“Water availability is not getting better in South Africa. If governments around the world don’t collaborate to provide enough water, people will die,” Ovink told a delegation of South African journalists to the Netherlands on Monday.
Called on by US President, Barack Obama in October 2012 to be part of a taskforce that rebuilt New York City following Hurricane Sandy, Ovink said that he has met with South Africa’s Minister of Water and Sanitation, Nomvula Mokonyane, three times already.
He said that Mokonyane wants to put in place a new water strategy and that the Dutch delegation to South Africa will hold workshops with her department to share best practice.
Water management will also receive attention in a Cabinet meeting, Ovink said, noting that most water issues relate to quality, scarcity, availability and safety.
With more than a quarter of the Netherlands below sea level and 60% of the country classified ‘flood-prone’, the Dutch are no strangers to dealing with water-related threats. In fact, when you arrive at the country’s largest airport, Schiphol, you are four-metres below sea level.
Due to its vulnerability to water-related catastrophes (evidenced by the North Sea flood of 1953 that claimed 1 800 Dutch lives), the Netherlands has devised a number of innovative ways of protecting its citizens from disaster as a result of flooding.
For example, Room for the River, which started in 2007, is a flood management programme aimed at providing more room for higher water levels by restoring “the river’s natural flood plain in places where it is least harmful in order to protect those areas that need to be defended,” according to the Dutch Water Sector.
A total of €2.3 billion has been invested into 39 projects and the programme has involved extensive engagement and collaboration to secure buy-in from local communities, according to Ovink.
SA vulnerable to water crises
Most parts of South Africa are categorised as either ‘medium to high risk’ or ‘high risk’ when it comes to water quantity, quality and regulatory and reputational risk, according to the World Resources Institute.
In its 2015 Global Risks report, the World Economic Forum (WEF) finds that water crises is the greatest risk facing the world in terms of impact.
Unfortunately, acknowledged Ovink, African cities may be overlooked when it comes to solving water problems because the economic value at risk is far lower than more developed coastal cities, such as Miami ($278 billion) or Amsterdam ($100 billion).

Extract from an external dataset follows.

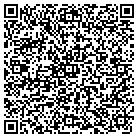 QR code with Richards Building Supply CO contacts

One of the local projects that Ovink and his team will be looking to get involved in is the Two Rivers Urban Park (TRUP), which sits at the confluence of the Black and Liesbeek Rivers in Cape Town.
The Western Cape government hopes to promote sustainable development in and around TRUP by, for example, creating a safe and desirable public space, as well as rehabilitating rivers and including a robust flood management plan.
The joint Dutch-South African Kingfisher programme, meanwhile, aims to decentralise tasks from the Department of Water and Sanitation to Catchment Management Agencies, which will be assisted by a number of Dutch water boards and municipality.
The Organisation for Economic Cooperation and Development (OECD) will soon be benchmarking South Africa on water management, Ovink said.
He said that the OECD assesses Holland’s 23 water authorities annually. The country, which in 1814 codified water management in its constitution, also performs its own annual assessments of dams, dikes and levees to check whether any repair or reconstruction is needed, Ovink said.
“We have invested significantly to make the water system robust enough to deal with these [catastrophic weather] events.”
Dutch people pay taxes to government and to the water board, which are tasked with handling national water protection.
According to Ovink, 75% to 80% of Europe’s water-based economy is in Dutch hands.